START Information given

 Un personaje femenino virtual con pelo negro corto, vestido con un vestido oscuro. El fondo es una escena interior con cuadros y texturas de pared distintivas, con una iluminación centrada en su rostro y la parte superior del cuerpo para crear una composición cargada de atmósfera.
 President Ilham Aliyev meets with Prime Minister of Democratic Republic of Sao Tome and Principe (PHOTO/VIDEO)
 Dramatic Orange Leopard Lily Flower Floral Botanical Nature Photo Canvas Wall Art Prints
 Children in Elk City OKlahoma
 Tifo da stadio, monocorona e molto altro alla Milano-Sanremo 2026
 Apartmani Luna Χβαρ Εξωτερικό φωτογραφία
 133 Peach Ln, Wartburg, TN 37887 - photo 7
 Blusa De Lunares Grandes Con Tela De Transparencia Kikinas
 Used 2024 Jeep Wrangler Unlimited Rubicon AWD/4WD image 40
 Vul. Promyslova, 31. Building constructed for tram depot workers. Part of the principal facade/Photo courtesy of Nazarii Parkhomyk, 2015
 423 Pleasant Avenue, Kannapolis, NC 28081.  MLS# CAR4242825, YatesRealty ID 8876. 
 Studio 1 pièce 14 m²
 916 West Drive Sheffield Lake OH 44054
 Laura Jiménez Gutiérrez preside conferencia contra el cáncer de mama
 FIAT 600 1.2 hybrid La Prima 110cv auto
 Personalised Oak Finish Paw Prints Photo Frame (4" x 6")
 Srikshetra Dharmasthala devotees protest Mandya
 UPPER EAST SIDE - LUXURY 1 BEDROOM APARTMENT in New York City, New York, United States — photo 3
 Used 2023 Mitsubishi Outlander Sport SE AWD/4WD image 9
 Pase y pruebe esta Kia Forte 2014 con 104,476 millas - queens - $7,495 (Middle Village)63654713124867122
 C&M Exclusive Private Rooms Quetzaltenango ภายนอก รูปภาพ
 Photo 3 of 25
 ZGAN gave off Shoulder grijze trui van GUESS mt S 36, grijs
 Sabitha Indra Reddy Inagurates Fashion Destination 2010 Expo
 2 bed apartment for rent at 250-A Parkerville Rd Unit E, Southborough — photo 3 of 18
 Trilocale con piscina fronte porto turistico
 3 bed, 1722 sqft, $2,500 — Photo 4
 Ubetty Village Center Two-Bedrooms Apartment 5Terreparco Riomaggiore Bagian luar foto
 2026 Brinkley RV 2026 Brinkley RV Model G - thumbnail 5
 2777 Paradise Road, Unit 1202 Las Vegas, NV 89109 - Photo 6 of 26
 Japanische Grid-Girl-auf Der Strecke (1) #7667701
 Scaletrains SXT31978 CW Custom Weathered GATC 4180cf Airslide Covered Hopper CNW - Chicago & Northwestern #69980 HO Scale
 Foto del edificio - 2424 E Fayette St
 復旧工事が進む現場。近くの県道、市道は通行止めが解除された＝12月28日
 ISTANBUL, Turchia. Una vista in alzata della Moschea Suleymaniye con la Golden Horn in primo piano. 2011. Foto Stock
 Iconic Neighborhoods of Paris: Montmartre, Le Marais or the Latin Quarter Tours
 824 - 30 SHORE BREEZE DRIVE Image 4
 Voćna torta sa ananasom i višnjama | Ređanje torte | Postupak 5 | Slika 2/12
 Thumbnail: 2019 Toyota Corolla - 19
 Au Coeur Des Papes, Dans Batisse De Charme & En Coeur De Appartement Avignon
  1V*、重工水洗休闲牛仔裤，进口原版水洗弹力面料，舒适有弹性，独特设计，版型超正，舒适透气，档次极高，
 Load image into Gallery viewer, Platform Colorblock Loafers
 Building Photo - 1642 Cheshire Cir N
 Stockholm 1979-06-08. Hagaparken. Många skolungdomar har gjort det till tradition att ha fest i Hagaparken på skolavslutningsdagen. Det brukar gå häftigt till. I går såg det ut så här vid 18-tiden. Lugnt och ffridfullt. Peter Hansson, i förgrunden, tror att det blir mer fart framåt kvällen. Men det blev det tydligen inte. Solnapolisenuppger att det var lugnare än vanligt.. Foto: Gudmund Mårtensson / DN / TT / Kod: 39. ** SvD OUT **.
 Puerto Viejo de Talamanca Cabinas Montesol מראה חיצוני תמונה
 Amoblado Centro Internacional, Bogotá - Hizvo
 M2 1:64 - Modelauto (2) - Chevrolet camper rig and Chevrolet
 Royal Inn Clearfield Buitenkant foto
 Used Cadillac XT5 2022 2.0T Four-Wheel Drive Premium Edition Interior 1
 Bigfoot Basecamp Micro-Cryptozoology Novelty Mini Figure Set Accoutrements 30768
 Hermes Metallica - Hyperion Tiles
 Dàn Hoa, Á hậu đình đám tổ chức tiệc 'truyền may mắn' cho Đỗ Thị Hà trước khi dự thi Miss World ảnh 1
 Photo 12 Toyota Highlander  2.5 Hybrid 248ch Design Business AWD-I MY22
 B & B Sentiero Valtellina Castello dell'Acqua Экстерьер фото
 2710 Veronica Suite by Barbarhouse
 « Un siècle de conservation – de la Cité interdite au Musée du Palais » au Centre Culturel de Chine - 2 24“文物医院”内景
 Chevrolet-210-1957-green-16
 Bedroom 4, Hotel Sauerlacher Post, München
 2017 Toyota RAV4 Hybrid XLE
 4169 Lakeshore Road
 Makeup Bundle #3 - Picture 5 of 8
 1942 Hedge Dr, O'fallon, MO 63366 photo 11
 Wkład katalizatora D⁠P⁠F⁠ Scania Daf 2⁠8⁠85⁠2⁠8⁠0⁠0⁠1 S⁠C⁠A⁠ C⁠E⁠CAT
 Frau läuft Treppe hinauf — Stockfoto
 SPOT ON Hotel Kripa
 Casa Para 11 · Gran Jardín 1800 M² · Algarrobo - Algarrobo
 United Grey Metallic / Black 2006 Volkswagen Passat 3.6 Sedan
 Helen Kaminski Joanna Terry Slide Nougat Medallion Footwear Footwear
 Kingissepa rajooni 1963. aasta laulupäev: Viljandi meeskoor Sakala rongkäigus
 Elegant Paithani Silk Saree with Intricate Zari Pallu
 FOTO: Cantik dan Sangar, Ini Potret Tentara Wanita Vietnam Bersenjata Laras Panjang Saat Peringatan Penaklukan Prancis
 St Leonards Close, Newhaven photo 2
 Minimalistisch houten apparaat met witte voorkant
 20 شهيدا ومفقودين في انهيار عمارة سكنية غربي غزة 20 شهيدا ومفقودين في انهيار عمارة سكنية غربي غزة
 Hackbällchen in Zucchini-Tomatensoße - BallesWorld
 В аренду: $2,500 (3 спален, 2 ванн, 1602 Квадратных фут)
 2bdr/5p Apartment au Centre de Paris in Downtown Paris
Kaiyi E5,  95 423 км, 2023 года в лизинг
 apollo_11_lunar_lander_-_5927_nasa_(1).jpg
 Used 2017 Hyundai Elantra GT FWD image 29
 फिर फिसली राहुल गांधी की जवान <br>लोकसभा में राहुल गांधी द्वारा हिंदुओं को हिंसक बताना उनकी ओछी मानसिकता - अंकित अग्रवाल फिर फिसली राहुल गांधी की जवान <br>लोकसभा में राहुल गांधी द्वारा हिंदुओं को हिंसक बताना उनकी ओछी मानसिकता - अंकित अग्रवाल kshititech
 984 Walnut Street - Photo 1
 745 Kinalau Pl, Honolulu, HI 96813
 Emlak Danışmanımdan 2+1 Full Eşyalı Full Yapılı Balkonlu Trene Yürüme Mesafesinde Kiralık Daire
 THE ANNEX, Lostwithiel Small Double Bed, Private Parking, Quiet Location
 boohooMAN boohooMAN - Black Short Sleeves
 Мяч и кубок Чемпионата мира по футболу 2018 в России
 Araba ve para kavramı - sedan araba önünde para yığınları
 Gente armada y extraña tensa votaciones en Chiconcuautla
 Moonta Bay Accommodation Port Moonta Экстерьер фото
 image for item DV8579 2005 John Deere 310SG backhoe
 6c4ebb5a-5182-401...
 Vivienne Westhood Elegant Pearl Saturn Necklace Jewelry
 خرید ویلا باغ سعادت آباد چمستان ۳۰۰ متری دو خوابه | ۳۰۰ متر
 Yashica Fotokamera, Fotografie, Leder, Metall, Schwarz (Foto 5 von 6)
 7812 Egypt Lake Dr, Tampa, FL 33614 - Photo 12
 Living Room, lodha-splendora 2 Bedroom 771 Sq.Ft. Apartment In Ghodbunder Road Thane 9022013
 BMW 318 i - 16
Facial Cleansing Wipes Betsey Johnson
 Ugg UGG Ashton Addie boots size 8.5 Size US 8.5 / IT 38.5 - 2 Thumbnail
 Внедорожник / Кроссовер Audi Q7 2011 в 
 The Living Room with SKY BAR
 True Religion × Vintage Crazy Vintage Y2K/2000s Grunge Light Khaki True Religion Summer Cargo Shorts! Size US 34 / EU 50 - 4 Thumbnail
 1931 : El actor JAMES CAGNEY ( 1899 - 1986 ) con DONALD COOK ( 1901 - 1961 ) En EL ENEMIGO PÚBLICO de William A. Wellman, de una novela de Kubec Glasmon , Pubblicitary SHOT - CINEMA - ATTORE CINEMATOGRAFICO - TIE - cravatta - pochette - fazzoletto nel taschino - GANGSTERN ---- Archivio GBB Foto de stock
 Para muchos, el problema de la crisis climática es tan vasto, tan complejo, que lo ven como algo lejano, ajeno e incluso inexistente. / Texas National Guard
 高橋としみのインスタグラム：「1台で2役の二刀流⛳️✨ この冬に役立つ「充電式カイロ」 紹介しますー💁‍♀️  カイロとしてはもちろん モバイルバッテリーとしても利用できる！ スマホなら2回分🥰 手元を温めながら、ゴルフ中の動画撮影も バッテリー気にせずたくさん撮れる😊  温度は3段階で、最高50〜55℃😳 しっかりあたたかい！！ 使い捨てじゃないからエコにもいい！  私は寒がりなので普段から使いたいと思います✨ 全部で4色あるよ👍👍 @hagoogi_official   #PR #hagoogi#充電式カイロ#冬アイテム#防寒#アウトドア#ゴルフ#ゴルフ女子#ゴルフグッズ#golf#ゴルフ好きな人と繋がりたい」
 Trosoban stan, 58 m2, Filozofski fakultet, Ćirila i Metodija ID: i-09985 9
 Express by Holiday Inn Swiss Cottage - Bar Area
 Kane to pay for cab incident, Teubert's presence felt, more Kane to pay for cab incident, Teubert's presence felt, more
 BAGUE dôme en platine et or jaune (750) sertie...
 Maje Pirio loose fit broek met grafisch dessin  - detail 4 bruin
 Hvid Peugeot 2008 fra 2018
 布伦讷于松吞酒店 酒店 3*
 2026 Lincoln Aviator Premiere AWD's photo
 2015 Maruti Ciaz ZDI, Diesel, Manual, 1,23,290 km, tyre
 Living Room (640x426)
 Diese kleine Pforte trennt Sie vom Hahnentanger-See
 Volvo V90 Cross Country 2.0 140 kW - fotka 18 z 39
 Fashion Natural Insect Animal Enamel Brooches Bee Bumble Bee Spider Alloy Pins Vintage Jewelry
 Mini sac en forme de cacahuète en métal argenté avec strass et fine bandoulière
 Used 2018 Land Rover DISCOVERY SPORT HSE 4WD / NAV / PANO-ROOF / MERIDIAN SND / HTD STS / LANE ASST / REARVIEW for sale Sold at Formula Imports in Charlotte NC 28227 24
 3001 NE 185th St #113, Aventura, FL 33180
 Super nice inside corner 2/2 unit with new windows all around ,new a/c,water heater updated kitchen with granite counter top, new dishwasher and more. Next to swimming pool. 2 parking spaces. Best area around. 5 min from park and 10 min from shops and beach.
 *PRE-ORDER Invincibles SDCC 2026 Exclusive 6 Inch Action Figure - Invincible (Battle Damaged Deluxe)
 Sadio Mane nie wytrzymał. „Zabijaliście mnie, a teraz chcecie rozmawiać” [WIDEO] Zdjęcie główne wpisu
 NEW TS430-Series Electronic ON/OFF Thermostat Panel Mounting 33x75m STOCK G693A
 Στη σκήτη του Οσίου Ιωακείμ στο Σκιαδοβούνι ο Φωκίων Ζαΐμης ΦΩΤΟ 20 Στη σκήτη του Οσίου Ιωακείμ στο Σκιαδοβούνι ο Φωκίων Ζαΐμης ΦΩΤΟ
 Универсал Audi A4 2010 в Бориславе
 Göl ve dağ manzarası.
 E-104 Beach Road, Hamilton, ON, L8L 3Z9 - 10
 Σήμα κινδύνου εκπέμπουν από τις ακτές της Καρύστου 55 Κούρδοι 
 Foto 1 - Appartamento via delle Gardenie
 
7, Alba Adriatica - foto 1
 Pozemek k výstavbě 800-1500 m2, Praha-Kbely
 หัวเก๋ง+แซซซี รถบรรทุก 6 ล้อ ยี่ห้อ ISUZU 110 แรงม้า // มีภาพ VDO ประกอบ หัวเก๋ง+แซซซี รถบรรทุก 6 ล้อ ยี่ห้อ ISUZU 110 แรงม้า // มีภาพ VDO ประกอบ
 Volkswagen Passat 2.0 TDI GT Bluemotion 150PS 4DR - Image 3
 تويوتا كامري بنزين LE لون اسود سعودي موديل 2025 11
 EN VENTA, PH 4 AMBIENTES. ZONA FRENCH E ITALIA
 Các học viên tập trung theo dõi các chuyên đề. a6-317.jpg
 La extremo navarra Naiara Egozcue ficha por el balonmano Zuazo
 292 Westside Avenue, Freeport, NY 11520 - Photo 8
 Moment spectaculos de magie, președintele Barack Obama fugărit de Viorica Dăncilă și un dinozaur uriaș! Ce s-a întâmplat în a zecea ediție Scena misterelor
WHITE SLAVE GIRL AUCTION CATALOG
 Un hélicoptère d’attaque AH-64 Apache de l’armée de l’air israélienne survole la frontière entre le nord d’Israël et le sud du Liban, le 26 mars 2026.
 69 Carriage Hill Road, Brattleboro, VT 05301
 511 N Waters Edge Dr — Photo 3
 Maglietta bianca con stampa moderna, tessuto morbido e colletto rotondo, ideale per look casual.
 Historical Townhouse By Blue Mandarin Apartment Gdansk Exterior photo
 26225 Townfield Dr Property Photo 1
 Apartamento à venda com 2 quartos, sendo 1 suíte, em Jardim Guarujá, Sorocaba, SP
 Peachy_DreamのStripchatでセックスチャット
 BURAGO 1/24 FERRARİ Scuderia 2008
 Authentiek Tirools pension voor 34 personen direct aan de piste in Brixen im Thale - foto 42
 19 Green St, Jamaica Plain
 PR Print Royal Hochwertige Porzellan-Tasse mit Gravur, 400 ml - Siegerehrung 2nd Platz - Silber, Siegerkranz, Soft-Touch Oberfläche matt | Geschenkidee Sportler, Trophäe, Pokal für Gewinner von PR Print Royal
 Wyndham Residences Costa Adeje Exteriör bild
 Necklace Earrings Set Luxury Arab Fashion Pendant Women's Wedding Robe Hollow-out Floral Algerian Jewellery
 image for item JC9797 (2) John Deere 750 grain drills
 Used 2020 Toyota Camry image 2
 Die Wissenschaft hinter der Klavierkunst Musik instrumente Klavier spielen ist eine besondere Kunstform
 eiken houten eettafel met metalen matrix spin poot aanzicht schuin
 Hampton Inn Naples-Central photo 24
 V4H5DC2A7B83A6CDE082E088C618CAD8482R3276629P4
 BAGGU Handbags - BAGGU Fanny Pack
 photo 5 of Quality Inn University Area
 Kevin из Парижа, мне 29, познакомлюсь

END Information given

> Exercise brief:
Out of the entries above, write out only the lines between the line holding "ZGAN gave off" and the line holding "Building Photo - 1642 Cheshire Cir N", inclusive, each exactly as given.

> Your solution:
 ZGAN gave off Shoulder grijze trui van GUESS mt S 36, grijs
 Sabitha Indra Reddy Inagurates Fashion Destination 2010 Expo
 2 bed apartment for rent at 250-A Parkerville Rd Unit E, Southborough — photo 3 of 18
 Trilocale con piscina fronte porto turistico
 3 bed, 1722 sqft, $2,500 — Photo 4
 Ubetty Village Center Two-Bedrooms Apartment 5Terreparco Riomaggiore Bagian luar foto
 2026 Brinkley RV 2026 Brinkley RV Model G - thumbnail 5
 2777 Paradise Road, Unit 1202 Las Vegas, NV 89109 - Photo 6 of 26
 Japanische Grid-Girl-auf Der Strecke (1) #7667701
 Scaletrains SXT31978 CW Custom Weathered GATC 4180cf Airslide Covered Hopper CNW - Chicago & Northwestern #69980 HO Scale
 Foto del edificio - 2424 E Fayette St
 復旧工事が進む現場。近くの県道、市道は通行止めが解除された＝12月28日
 ISTANBUL, Turchia. Una vista in alzata della Moschea Suleymaniye con la Golden Horn in primo piano. 2011. Foto Stock
 Iconic Neighborhoods of Paris: Montmartre, Le Marais or the Latin Quarter Tours
 824 - 30 SHORE BREEZE DRIVE Image 4
 Voćna torta sa ananasom i višnjama | Ređanje torte | Postupak 5 | Slika 2/12
 Thumbnail: 2019 Toyota Corolla - 19
 Au Coeur Des Papes, Dans Batisse De Charme & En Coeur De Appartement Avignon
  1V*、重工水洗休闲牛仔裤，进口原版水洗弹力面料，舒适有弹性，独特设计，版型超正，舒适透气，档次极高，
 Load image into Gallery viewer, Platform Colorblock Loafers
 Building Photo - 1642 Cheshire Cir N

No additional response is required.